Nas, incarné par Reda Kateb, tout juste sorti de prison, espère se faire un nom dans le monde de la nuit. Il souhaiterait que Le Prestige, un bar en plein Pigalle que tient son frère, Arezki (Slimane Dazi), lui serve de tremplin. C’est sans compter avec la force d’inertie de Arezki, qui aime sa vie de simple cafetier telle qu’elle est, et qui entretient une histoire d’amour avec l’agent de probation de Nas (Mélanie Laurent). Malgré les réticences d'Arezki, le danger que cette entreprise peut représenter au vu des fréquentations de Nas, ce dernier veut à tout prix organiser une fête mémorable dans le bar de son frère.







Hamé Bourokba et Ekoué Labitey, colonne vertébrale du groupe de hip-hop La Rumeur, nous livrent leur première œuvre, un film au sujet d'un Pigalle qui tend à disparaître, un long-métrage sur la relation entre deux frères que tout oppose ou presque. Traversée naturaliste dans l'atmosphère urbaine de ce quartier, "Les derniers Parisiens" nous plonge dans un Paris populaire et cosmopolite repoussé vers les extérieurs par la gentrification. Commerces historiques, bars, coiffeurs africains, épiceries de proximité laissent peu à peu la place aux grandes enseignes internationales. Toutes les grandes capitales de l’Europe en viennent à se ressembler, grands malls à ciel ouvert pour touristes en mal de repères. 

Le face-à-face entre les deux frères forme le noyau dur d'une intrigue minimaliste. Nas, jeune chien fou avec des rêves plein la tête, refuse de voir qu’il n’est plus en accord avec ce que la ville est devenue. Son frère plus réaliste et plus intégré, qui aime le bien vivre, le terroir et le bon vin, ne rêve que de stabilité et du sud de la France pour y fonder une famille. Les deux visions contradictoires s'incarnent avec force à travers les personnages et leur affrontement fratricide.

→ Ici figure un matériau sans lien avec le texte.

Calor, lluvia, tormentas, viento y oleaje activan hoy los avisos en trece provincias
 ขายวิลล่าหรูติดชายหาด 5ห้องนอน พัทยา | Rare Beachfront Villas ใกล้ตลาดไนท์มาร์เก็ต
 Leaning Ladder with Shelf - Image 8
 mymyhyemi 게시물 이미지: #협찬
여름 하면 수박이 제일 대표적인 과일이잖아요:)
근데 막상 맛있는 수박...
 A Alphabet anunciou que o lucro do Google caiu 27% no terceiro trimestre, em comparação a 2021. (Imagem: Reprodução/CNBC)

"Les derniers Parisiens" est un film qui se mérite. Hamé Bourokba et Ekoué Labitey ne nous livrent rien. La première scène est d’ailleurs emblématique de ce parti pris. En effet, nous sommes de facto plongés immédiatement dans le bar, avec des inconnus qui parlent un argot âpre, qui s’invectivent, bouteille de whisky à portée de main, tout en regardant un match de foot. La scène qui peut être répulsive (après tout, nous sommes spectateurs d’un monde qui nous laisse à la marge) est réalisée à dessein. Portraiturés sans complaisance, les protagonistes ne sont de prime abord ni aimables ni attachants. Nous sommes obligés d’aller les chercher, de nous intéresser à leur parcours de vie pour les aimer dans toute leur singularité. Nous ne sommes plus seulement spectateurs de leurs histoires mais acteurs nous-mêmes.

Tourné à hauteur d'homme, sans artifice, ce film réaliste sur la complexité d'un quotidien agit comme une prise de conscience. Une façon de nous interroger sur la pesanteur des déterminismes, des idéologies, de nous engager aussi.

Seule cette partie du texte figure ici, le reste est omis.